*** SOURCE MATERIAL Section Begins ***

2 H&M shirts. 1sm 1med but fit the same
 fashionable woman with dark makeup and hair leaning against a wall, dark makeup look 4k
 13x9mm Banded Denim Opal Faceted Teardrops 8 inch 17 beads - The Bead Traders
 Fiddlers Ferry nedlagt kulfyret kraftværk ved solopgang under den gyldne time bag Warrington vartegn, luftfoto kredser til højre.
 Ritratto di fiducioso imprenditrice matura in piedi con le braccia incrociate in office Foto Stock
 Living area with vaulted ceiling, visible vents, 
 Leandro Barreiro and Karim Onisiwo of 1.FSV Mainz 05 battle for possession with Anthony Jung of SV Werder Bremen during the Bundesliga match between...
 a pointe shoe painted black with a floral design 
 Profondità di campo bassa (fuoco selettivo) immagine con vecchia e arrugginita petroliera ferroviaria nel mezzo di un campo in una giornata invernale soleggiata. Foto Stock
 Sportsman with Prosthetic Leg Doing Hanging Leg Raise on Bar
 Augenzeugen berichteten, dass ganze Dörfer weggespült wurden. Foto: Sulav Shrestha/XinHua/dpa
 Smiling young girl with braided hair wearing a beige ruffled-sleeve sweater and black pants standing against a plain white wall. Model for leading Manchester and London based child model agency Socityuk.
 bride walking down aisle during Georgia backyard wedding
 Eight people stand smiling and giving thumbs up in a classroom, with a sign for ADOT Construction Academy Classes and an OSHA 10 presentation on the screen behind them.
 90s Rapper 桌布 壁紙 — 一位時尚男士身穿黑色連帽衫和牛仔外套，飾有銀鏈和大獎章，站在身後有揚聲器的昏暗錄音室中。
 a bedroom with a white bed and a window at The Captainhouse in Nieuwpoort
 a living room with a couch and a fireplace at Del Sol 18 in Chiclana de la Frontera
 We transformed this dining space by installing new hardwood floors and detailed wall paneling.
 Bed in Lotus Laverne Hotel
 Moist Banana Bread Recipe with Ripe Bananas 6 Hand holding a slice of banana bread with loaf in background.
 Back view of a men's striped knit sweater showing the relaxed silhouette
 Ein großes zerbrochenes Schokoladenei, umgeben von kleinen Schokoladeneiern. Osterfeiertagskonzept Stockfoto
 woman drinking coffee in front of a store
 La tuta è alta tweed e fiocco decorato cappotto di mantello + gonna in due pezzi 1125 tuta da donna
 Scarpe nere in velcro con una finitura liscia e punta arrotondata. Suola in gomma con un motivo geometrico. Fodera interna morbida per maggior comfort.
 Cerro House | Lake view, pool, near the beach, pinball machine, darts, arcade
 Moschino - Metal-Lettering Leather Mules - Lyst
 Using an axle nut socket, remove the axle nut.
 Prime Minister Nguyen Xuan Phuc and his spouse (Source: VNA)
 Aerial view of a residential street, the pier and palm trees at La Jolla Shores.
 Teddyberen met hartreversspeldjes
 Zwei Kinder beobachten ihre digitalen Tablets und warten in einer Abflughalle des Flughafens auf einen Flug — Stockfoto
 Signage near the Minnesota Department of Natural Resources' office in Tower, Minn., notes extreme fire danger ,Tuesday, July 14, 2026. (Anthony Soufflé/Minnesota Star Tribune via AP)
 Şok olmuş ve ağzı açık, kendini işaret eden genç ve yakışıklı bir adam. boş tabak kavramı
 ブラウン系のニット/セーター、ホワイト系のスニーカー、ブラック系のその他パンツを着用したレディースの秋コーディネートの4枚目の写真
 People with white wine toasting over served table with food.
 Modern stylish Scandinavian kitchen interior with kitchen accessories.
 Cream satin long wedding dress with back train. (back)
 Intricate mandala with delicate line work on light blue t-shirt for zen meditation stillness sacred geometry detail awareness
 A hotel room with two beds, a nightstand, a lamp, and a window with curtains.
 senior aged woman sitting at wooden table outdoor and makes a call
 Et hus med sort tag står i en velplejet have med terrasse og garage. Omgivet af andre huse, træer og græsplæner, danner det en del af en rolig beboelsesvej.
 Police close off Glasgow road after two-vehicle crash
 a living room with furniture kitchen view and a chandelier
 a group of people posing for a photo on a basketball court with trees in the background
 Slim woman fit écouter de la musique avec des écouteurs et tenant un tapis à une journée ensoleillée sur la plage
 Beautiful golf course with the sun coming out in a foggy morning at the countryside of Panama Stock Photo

*** SOURCE MATERIAL Section Ends ***

- **WHAT THE TASK ASKS**: Search the records for the string "background" and, wherever a line contains it, please copy that line.

- **ANSWER**:
 Moist Banana Bread Recipe with Ripe Bananas 6 Hand holding a slice of banana bread with loaf in background.
 a group of people posing for a photo on a basketball court with trees in the background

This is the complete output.